→ **Assignment**: All lines containing the string "Classic" must be copied from the entries.

━━━━━ Task inputs ━━━━━

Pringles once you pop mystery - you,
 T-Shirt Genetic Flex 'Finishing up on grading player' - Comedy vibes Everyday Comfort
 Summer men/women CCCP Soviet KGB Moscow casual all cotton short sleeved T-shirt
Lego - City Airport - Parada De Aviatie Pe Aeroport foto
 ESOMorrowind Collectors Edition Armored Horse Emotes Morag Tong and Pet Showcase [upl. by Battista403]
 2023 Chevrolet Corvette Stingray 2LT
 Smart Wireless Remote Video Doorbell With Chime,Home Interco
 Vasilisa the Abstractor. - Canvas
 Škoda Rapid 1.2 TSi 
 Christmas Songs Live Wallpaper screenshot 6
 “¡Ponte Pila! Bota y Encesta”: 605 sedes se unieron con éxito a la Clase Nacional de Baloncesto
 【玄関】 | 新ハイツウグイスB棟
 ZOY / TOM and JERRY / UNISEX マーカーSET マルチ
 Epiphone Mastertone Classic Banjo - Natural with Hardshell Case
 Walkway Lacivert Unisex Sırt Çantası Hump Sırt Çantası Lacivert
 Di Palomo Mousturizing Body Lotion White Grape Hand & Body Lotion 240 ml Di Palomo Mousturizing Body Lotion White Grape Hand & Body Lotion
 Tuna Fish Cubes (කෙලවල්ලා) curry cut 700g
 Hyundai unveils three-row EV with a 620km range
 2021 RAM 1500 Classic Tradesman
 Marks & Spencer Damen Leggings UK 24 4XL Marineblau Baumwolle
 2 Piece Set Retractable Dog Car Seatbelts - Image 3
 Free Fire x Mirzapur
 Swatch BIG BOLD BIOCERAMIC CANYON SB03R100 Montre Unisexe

━━━━━

→ **Written response**:
 Epiphone Mastertone Classic Banjo - Natural with Hardshell Case
 2021 RAM 1500 Classic Tradesman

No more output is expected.